OnSafari: Wisconsin

OnSafari: Wisconsin

I was sitting in our breakfast room, the corner of the house all windowed, overlooking the lake when a red Corolla with a red canoe on top raced down our driveway and a tall lanky man with wading boots and a funny hat jumped out and ran to the edge of the lake.

When he raised his binoculars my concern turned to relief. I walked out barefoot in my jammies into the 45F spectacularly clear morning and introduced myself, but I all I did was manage to agitate him as he muttered, “Yellow over red. No… pink over red.”

I leaned against the tree as he continued to stare at our pair of loons that have been here on the lake for several weeks now.

“Sorry if you don’t mind,” he said to his binoculars strap but answering me, “I need to identify these.”

Several years ago Walter Piper had personally captured the two loons we were now looking at. He confirmed this when he saw the colors of the bands he’d personally strapped around their legs. You’d never know from the excitement he displayed finding this pair that he actually studies more than 120 pairs of loons in our north central area of Wisconsin.

Things look good.

Over subsequent coffee and stale hot-cross buns Professor Piper told a promising story of conservation, of which he and his students have become a central part.

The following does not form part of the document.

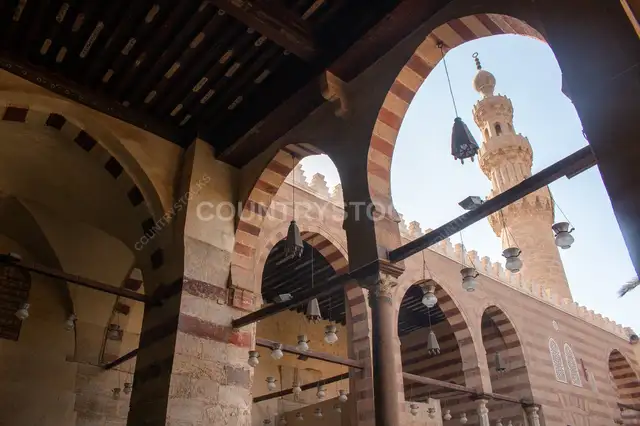 منظر جانبي للمسجد الأزرق (مسجد الأمير آق سنقر) في القاهرة 10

[Gavia immer] is listed as stable and “least threatened” in North America by the IUCN. But this was not always the case.

Just as DDT massacred the eagle it had a devastating effect on loons. Banning DDT led to the population rebound. Then, some twenty years later a second blow came with mercury.

That was when Prof. Piper first became involved. Wisconsin state officials linked up with loon field scientists like Prof. Piper to monitor mercury levels in the bird, which eats the fish that capture mercury.

Laws were then passed that required mining and power companies to clean the mercury out of all emissions. The loon population rebounded once again and multiple conservation projects like the one led by Prof. Piper have kept it that way.

One of the Loon Projects’ principal goals is to educate local Wisconsin folks about the importance of loons to their lives. Prof. Piper’s more than quarter century dedication to the bird has helped restrict ecological toxins and reckless leisure water use not just by passing needed laws but by convincing residents of the benefits of doing so.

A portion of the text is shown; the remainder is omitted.